A Savannah boutique hotel generating $3.6M had no financial model. Our 3-year forecast with monthly seasonality revealed corporate events were priced 22% below market. $180K annual gain.
01The Situation
The owner had built the property into a sought-after wedding venue and boutique hotel over eight years. Revenue grew steadily. But she had no model for how the business would perform over three years, no understanding of seasonal cash flow patterns, and a growing suspicion that her corporate event pricing, set three years earlier, was below market.
When she tried to plan for a kitchen renovation, she realized she had no basis for knowing whether the business could fund it from operations.
02What We Did
We started with three years of historical revenue data broken down by category and month. The seasonality pattern was stark: June–October generated 68% of annual revenue. The kitchen renovation needed to happen in the low season, which the model confirmed as the only viable timing.
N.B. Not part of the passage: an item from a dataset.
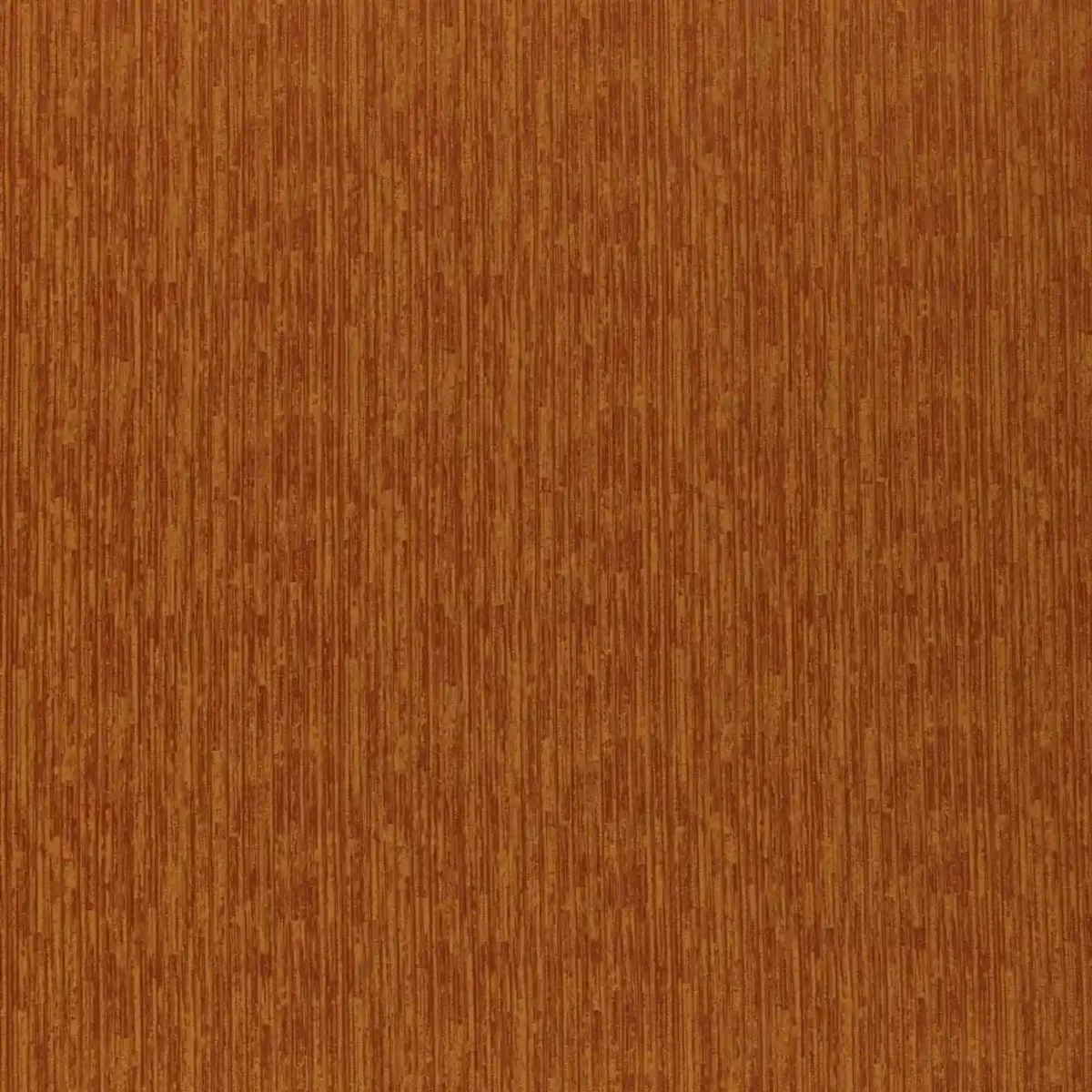 Rain Fabric - Amber by orange striped misc fabric from Beaumont Textiles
Corporate pricing analysis used three comparable Savannah venues as benchmarks. The hotel's corporate day-rate was $3,200, 22% below the $4,100 market average. A phased repricing to market rate generated $180K in additional annual revenue by year 3 with no additional overhead. Not a single booking was lost.
03Client Impact
The owner had been leaving $180K per year on the table simply because she had never compared her corporate pricing to the market. The model quantified it precisely enough to act on. Corporate prices went up the following quarter. Not a single booking was lost.
Breakdown
| Revenue Category | Current Annual | Year 3 Base | Margin | Growth Driver |
|---|---|---|---|---|
| Wedding Events | $1,440,000 | $1,680,000 | 48% | Capacity + pricing |
| Hotel Rooms | $1,080,000 | $1,320,000 | 62% | Occupancy optimization |
| Corporate Events | $720,000 | $1,140,000 | 38% | Repricing + volume |
| F&B, In-house | $360,000 | $480,000 | 31% | Menu expansion |
| TOTAL | $3,600,000 | $4,620,000 | 42% blended | All categories growing |
What changed
3-Year Revenue Model with Monthly Seasonality
All four revenue categories modeled monthly. Seasonal cash flow now visible and plannable.
Corporate Events Repriced, $180K Annual Gain
22% below market identified. Phased repricing to $4,100 generates $180K additional by year 3.
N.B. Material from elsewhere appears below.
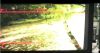 Filename=video3__(31).jpg
Filesize=92KB
Dimensions=479x254
Date added=Oct 20, 2007 video3__(31).jpg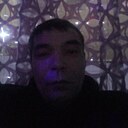 Знакомства: Marik, 42 года, Петропавловск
Kitchen Renovation Timing Confirmed
Low-season renovation viable from operations without external financing. Scheduled February 2026.
EBITDA Target: 28%
Current 19% EBITDA improves to 28% by year 3 through repricing and occupancy optimization.
The owner had been leaving $180K per year on the table simply because she had never compared her corporate pricing to the market. The model quantified it precisely enough to act on. Corporate prices went up the following quarter. Not a single booking was lost.